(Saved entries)
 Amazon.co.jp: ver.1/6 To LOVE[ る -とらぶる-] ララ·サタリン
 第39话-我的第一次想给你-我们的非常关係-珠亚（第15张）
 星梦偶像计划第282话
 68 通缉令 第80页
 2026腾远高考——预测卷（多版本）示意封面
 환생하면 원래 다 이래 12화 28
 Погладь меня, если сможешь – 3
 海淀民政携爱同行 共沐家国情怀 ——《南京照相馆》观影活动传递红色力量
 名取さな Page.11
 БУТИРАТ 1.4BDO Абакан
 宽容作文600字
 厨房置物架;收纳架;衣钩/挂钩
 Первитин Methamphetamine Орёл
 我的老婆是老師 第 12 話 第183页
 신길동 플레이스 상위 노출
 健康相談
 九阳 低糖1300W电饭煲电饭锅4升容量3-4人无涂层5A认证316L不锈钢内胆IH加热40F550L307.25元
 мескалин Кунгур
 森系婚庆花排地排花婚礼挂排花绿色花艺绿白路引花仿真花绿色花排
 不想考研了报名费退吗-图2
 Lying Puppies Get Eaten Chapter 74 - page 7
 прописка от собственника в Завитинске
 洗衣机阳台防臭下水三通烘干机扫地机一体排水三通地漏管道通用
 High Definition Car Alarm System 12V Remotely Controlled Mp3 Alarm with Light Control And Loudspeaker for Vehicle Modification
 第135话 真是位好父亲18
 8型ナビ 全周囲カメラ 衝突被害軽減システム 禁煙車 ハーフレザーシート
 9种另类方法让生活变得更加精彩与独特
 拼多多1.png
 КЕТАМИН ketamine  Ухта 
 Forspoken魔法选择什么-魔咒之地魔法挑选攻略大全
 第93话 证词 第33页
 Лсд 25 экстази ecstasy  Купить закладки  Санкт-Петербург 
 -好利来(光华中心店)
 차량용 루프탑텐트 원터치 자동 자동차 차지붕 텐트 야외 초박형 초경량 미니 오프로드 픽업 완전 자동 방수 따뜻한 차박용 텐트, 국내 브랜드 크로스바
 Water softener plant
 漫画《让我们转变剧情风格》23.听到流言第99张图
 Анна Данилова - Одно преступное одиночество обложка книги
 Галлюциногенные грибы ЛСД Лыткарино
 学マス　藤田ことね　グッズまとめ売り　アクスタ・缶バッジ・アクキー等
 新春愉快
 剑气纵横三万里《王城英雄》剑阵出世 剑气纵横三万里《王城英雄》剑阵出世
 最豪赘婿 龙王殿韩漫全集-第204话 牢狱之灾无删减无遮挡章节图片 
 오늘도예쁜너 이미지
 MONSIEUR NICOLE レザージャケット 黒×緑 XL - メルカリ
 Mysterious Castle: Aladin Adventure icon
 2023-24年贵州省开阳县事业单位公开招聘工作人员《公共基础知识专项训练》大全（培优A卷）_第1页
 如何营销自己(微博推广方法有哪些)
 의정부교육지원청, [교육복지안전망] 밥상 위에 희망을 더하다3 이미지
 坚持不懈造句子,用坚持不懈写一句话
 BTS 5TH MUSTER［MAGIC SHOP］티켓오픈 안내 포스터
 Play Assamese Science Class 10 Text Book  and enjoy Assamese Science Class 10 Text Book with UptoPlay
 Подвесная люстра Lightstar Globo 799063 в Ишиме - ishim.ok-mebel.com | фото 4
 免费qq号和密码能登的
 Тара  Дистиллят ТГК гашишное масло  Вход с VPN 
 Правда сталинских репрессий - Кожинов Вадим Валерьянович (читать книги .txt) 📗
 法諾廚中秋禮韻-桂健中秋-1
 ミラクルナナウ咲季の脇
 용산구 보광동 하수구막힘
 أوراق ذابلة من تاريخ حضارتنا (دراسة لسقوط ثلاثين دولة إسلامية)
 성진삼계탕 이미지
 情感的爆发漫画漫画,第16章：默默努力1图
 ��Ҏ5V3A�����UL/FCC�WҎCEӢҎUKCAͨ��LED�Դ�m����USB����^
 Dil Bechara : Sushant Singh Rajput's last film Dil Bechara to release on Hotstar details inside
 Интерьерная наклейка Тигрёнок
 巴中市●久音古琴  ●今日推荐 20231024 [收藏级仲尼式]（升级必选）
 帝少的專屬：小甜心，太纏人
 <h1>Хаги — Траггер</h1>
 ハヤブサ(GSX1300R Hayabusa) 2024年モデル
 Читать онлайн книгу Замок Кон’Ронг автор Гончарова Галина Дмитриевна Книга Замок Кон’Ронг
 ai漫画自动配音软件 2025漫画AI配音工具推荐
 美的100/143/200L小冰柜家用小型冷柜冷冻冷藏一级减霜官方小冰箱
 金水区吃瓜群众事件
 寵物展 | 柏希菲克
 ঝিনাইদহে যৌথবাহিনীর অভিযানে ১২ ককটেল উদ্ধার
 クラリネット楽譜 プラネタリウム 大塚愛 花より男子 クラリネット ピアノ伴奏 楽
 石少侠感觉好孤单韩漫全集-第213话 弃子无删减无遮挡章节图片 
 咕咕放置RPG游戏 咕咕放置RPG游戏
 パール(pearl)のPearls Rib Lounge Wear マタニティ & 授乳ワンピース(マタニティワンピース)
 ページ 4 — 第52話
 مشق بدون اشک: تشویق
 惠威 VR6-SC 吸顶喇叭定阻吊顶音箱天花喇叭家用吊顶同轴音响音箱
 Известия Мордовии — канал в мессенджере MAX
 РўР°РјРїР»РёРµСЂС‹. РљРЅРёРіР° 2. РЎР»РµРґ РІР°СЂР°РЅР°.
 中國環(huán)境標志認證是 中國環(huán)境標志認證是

▶ _WHAT TO DO_: Would you output, from the records above, exactly the run of lines that starts at the line containing "不想考研了报名费退吗-图2" and ends at the line containing "Mysterious Castle: Aladin Adventure icon", and only that run?

▶ _RESULT OF THIS TASK_:
 不想考研了报名费退吗-图2
 Lying Puppies Get Eaten Chapter 74 - page 7
 прописка от собственника в Завитинске
 洗衣机阳台防臭下水三通烘干机扫地机一体排水三通地漏管道通用
 High Definition Car Alarm System 12V Remotely Controlled Mp3 Alarm with Light Control And Loudspeaker for Vehicle Modification
 第135话 真是位好父亲18
 8型ナビ 全周囲カメラ 衝突被害軽減システム 禁煙車 ハーフレザーシート
 9种另类方法让生活变得更加精彩与独特
 拼多多1.png
 КЕТАМИН ketamine  Ухта 
 Forspoken魔法选择什么-魔咒之地魔法挑选攻略大全
 第93话 证词 第33页
 Лсд 25 экстази ecstasy  Купить закладки  Санкт-Петербург 
 -好利来(光华中心店)
 차량용 루프탑텐트 원터치 자동 자동차 차지붕 텐트 야외 초박형 초경량 미니 오프로드 픽업 완전 자동 방수 따뜻한 차박용 텐트, 국내 브랜드 크로스바
 Water softener plant
 漫画《让我们转变剧情风格》23.听到流言第99张图
 Анна Данилова - Одно преступное одиночество обложка книги
 Галлюциногенные грибы ЛСД Лыткарино
 学マス　藤田ことね　グッズまとめ売り　アクスタ・缶バッジ・アクキー等
 新春愉快
 剑气纵横三万里《王城英雄》剑阵出世 剑气纵横三万里《王城英雄》剑阵出世
 最豪赘婿 龙王殿韩漫全集-第204话 牢狱之灾无删减无遮挡章节图片 
 오늘도예쁜너 이미지
 MONSIEUR NICOLE レザージャケット 黒×緑 XL - メルカリ
 Mysterious Castle: Aladin Adventure icon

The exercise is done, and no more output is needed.